§ **Data shown**
##########
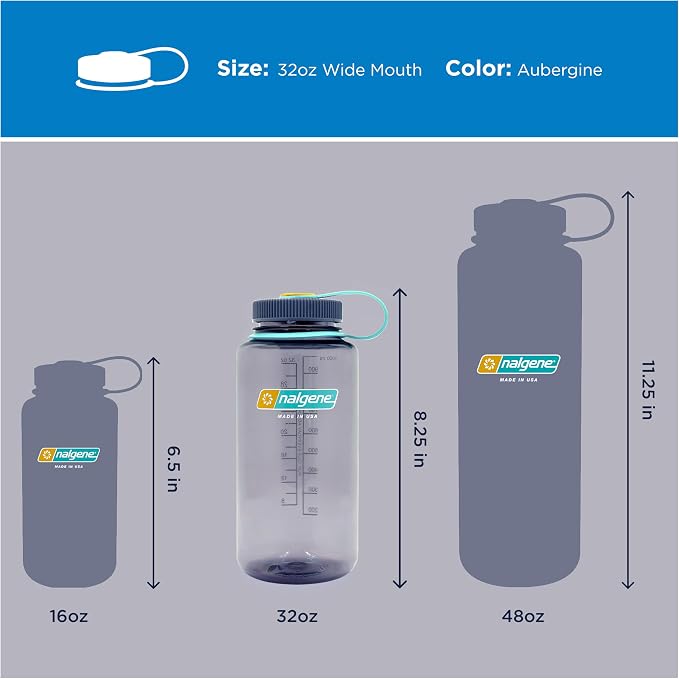 Nalgene 32 oz Wide Mouth Water Bottle, Aubergine | BPA-Free, Durable & Lightweight, Leak Proof, Dishwasher Safe, Large Reusable Plastic Bottle for Hiking, Gym, Work & Travel
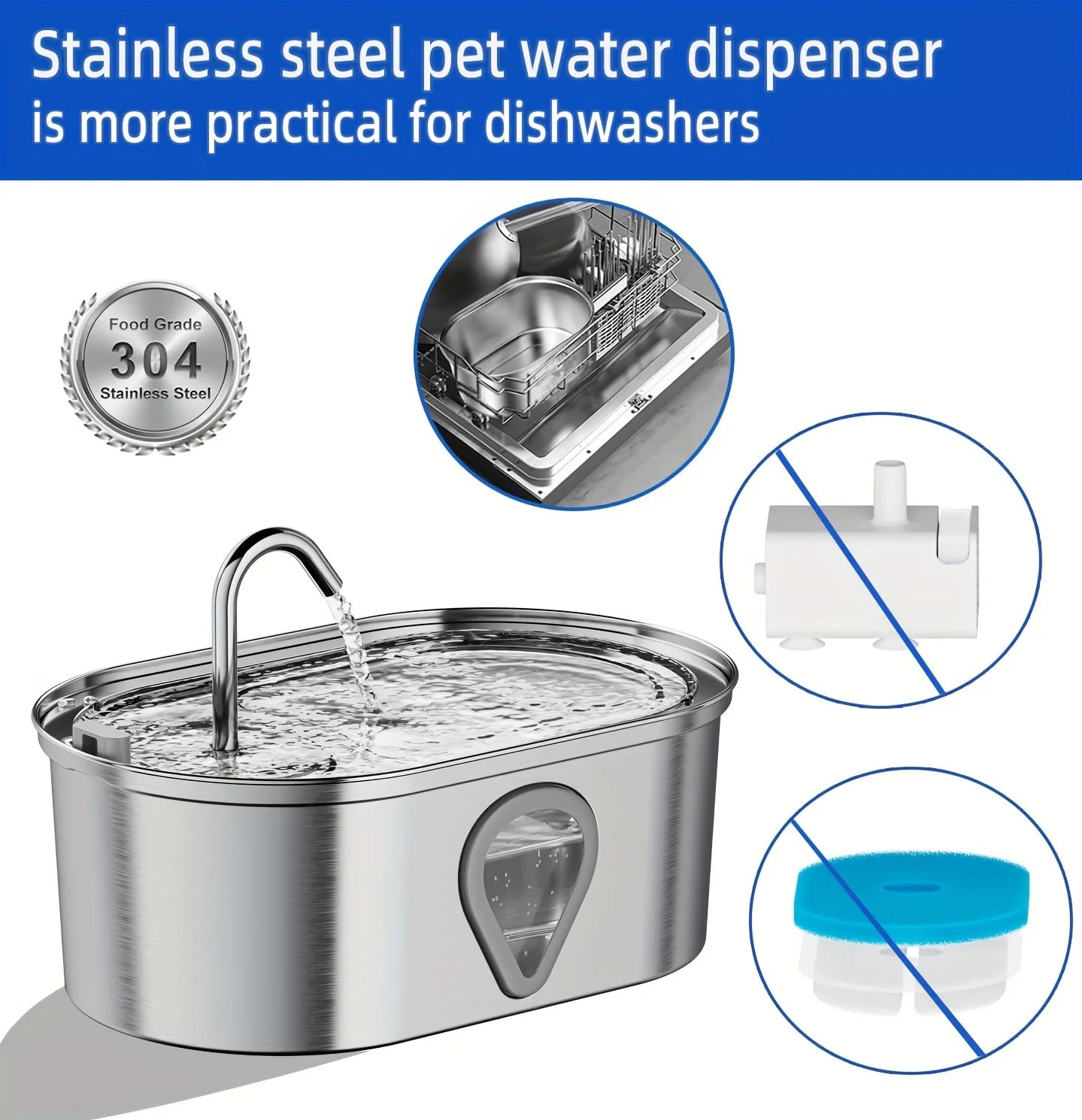 3.5L Stainless Steel Automatic Cat Water Fountain with LED Light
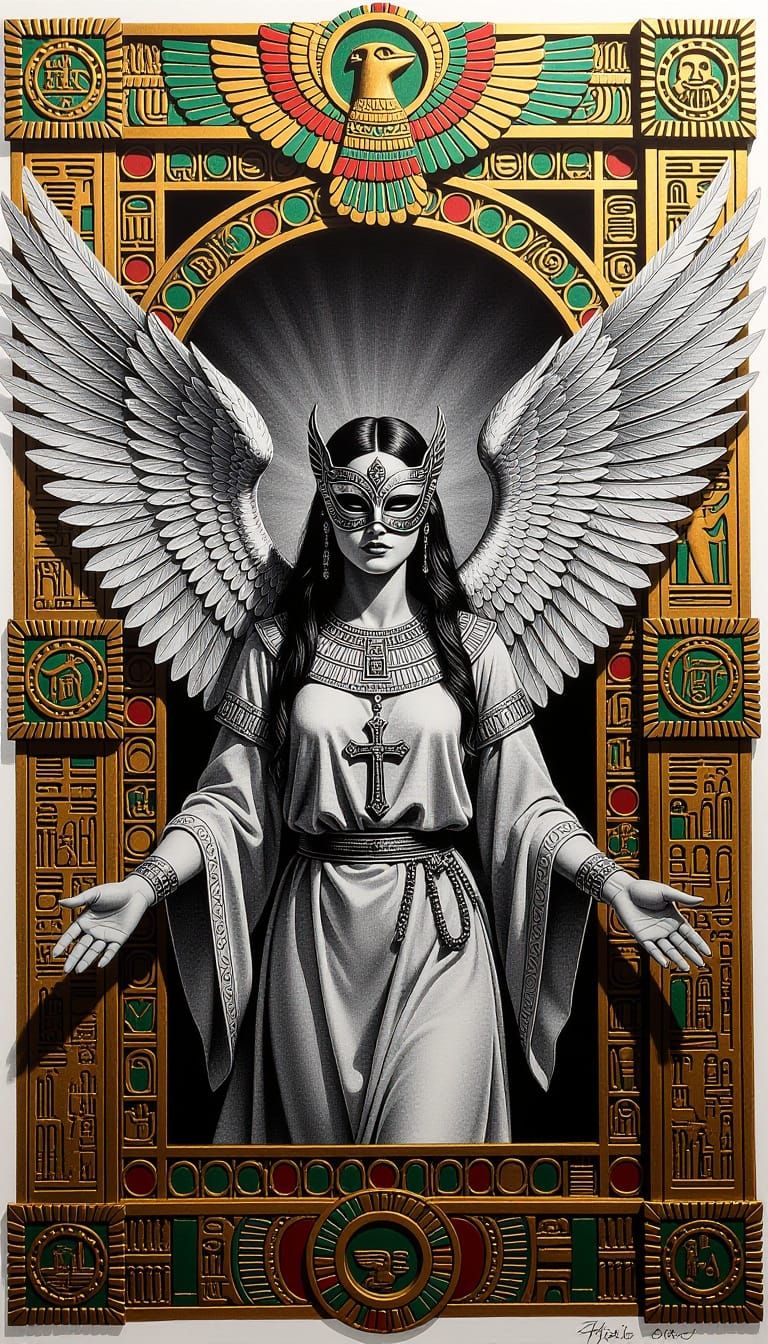 Monochrome Angelic Figure in Ornate Border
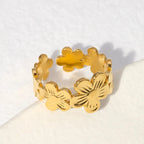 Golden Flower Band Ring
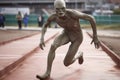 alien athlete rushing towards finish line, about to cross the finish line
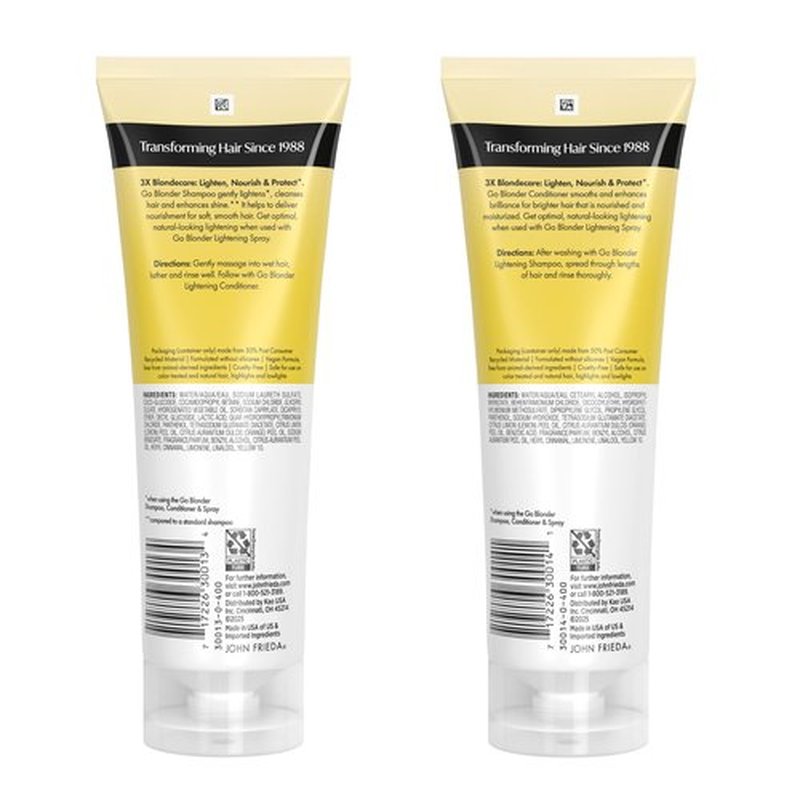 John Frieda Go Blonder Shampoo and Conditioner Set, Gradually Lightens Blonde Color Up, For Natural or Color-Treated Hair, 8.3 oz, Pack of 2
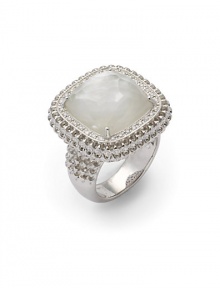 THE LOOKFaceted Mother-of-Pearl detail .16 tcw diamond accentsTextured sterling silver settingTHE MEASUREMENTWidth, about 1Length, about 1ORIGINImported THE LOOKFaceted Mother-of-Pearl detail .16 tcw diamond accentsTextured sterling silver settingTHE MEASUREMENTWidth, about 1Length, about 1ORIGINImported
##########
§ **Task instructions**
May I have only the lines from the start of the data through the line containing "Golden Flower Band Ring", both included, reproduced exactly and without the pictures?

§ **Your response**
 Nalgene 32 oz Wide Mouth Water Bottle, Aubergine | BPA-Free, Durable & Lightweight, Leak Proof, Dishwasher Safe, Large Reusable Plastic Bottle for Hiking, Gym, Work & Travel
 3.5L Stainless Steel Automatic Cat Water Fountain with LED Light
 Monochrome Angelic Figure in Ornate Border
 Golden Flower Band Ring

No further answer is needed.